To see how truly lucky I was I had to widen my circle beyond my peers to include all humankind, throughout both history and today’s world. I have enjoyed a more comfortable life than most people who have ever lived. Not even Charlemagne or Alexander the Great got to enjoy a hot shower every day. (Don’t tell me you think they wouldn’t want one either.) More seriously, I would have a hard time selling my sob story to the people who worked in those 19th century New England textile mills. My coal miner ancestors would tell me to stop being a whiny candyass. But those are just hard lives compared to the suffering that happened in Rwanda and is happening in the Sudan. Closer to home, there’s the suffering of the American parents who have lost their soldier children in Iraq. Then there’s the suffering of the Iraqi people. The world is full of misery. It would be myopic folly for me to think I’ve got it worse than everybody else. The truth is my quality of life has been better than most everybody else’s.

I always joke I would hate to be the guy at the end of the line of comparative suffering. He looks to his left for comfort and nobody’s there. But that guy at the end of the line is probably a happy person. Why? Because he has to be. God help you if you are at the end of that line and you are depressed. Then you are really sunk. I think I learned early in my life that being happy made my illness more bearable. Happiness is a survival strategy.

We should not look at history’s great sufferers as if they are museum pieces. No, we want to get down in the dirt with their real selves and embrace their human struggle. If they survived their dire straits, we can survive ours. My favorite survival story is that of Ernest Shackleton and his Endurance expedition. He was one tough Englishman. Even those who did not survive can inspire, people like Anne Frank or Sophie Scholl or Lance Sijan. This makes me think of that line in the movie “Predator” where Schwarzenegger as Dutch sees the Predator’s green blood dripping off a leaf and says, “If it bleeds, we can kill it.” Survivors expose suffering as a vulnerable beast.

That’s why I like to read history. History is a story of survival. World War Two is millions of such stories — it would be hard to pack more incredible survival stories into six years. And what I’ve learned is that people don’t survive because they are heroic. They survive because they have no choice. They want to live. Sometimes that makes them behave heroically. This in no way cheapens survival in my mind. We are still talking about suffering’s counterpoint, the triumph of the human spirit.

Getting back to my Little Shoveler Guy, have I accounted for him? My genes can only do so much.
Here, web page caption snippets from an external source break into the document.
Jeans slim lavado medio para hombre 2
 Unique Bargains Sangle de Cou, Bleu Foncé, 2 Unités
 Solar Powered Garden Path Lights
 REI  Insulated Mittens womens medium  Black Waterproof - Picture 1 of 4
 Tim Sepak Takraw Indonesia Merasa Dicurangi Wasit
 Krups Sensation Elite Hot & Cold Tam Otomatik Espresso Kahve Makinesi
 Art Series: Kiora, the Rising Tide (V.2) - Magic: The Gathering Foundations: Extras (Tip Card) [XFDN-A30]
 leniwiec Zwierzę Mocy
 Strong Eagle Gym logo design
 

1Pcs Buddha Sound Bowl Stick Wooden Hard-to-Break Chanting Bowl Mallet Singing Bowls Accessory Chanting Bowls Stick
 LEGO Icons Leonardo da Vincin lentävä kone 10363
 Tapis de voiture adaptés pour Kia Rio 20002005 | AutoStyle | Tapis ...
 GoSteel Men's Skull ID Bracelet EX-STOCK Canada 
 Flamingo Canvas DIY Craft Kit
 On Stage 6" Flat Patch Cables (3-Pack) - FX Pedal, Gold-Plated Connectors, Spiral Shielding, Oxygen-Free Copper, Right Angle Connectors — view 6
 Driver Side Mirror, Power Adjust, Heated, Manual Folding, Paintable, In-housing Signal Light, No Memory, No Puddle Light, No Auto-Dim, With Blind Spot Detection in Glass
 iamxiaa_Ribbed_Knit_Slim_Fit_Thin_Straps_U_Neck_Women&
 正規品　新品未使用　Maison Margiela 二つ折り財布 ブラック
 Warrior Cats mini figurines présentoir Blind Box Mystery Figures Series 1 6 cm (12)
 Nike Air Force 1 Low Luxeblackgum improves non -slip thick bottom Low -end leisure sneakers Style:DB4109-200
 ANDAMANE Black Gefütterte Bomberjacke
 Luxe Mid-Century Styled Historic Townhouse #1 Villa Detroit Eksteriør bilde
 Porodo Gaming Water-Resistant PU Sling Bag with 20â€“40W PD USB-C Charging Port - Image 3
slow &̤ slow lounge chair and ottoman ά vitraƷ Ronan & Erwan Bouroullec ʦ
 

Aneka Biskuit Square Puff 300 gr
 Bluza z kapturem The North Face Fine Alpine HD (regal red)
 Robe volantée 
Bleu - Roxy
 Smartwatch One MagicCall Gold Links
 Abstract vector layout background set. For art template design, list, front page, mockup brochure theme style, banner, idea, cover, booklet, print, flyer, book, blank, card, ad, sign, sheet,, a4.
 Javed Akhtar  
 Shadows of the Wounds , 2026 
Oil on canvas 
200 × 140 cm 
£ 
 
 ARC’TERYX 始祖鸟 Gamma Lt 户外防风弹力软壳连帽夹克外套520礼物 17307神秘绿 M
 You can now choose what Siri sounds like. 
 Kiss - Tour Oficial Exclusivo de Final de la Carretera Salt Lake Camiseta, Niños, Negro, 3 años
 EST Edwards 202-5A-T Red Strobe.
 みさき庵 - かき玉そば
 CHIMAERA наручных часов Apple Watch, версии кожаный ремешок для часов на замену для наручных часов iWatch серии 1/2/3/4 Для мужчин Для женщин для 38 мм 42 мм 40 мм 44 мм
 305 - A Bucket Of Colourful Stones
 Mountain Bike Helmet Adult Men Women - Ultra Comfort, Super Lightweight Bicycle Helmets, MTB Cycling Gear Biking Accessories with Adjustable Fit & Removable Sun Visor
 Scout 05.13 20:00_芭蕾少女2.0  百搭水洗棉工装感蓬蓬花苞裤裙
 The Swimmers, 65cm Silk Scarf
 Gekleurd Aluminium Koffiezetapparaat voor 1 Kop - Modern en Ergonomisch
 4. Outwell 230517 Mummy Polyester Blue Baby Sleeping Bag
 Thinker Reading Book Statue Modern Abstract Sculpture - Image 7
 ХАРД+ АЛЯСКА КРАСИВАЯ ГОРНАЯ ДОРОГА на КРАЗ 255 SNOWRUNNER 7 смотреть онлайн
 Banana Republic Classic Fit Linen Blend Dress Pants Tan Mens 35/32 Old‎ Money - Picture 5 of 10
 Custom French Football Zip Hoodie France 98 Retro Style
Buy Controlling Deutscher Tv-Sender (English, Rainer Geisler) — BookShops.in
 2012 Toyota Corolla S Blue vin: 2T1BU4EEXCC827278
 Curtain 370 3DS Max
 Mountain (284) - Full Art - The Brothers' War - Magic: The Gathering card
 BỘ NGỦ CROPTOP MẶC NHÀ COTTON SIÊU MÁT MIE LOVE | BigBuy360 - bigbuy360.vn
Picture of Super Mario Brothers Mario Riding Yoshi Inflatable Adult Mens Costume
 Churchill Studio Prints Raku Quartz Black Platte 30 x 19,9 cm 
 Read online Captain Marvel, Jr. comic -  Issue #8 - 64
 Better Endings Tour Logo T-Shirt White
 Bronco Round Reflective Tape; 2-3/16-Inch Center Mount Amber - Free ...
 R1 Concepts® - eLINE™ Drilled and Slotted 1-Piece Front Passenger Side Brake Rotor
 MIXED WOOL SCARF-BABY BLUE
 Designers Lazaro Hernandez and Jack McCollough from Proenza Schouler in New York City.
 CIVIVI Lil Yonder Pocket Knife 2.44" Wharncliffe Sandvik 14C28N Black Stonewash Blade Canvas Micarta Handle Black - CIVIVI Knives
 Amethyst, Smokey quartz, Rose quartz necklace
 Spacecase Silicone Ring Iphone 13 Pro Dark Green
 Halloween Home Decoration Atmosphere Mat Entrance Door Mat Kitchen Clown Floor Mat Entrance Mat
I think of my genes as the station bell that gets him awake, alert and ready for shoveling. By itself I don’t believe that’s enough. What carries him forward in campaign after campaign? He owes a lot to my childhood, during which he grew strong. My family provided the meat in the form of a loving home life and learning perspective provided the potatoes. I learned about the suffering of others, compared it to my own, and felt lucky. I was inspired by the strength of others to find strength within myself. Life had not battered me around too much by the time I turned eighteen. The Little Shoveler Guy had not faced many serious challenges, but in the coming years that would change. He is a hardened warrior now.

I still look to history and survivors for strength. I lost my father but I still have the rest of my family and friends. I don’t have a wife or kids and that saddens me. My health puts me farther down the line of comparative suffering and that discourages me. Nevertheless, I feel happy and hopeful. It would be easy to wallow in self-pity under the weight of the snow but my Little Shoveler Guy won’t let that happen. I have known despair and I have defeated it with optimism and humor. I love my life. No doubt my optimism stems from many sources but I think my nightly prayer plays a huge role. I give my Little Shoveler Guy a five-course dinner of gratefulness every night.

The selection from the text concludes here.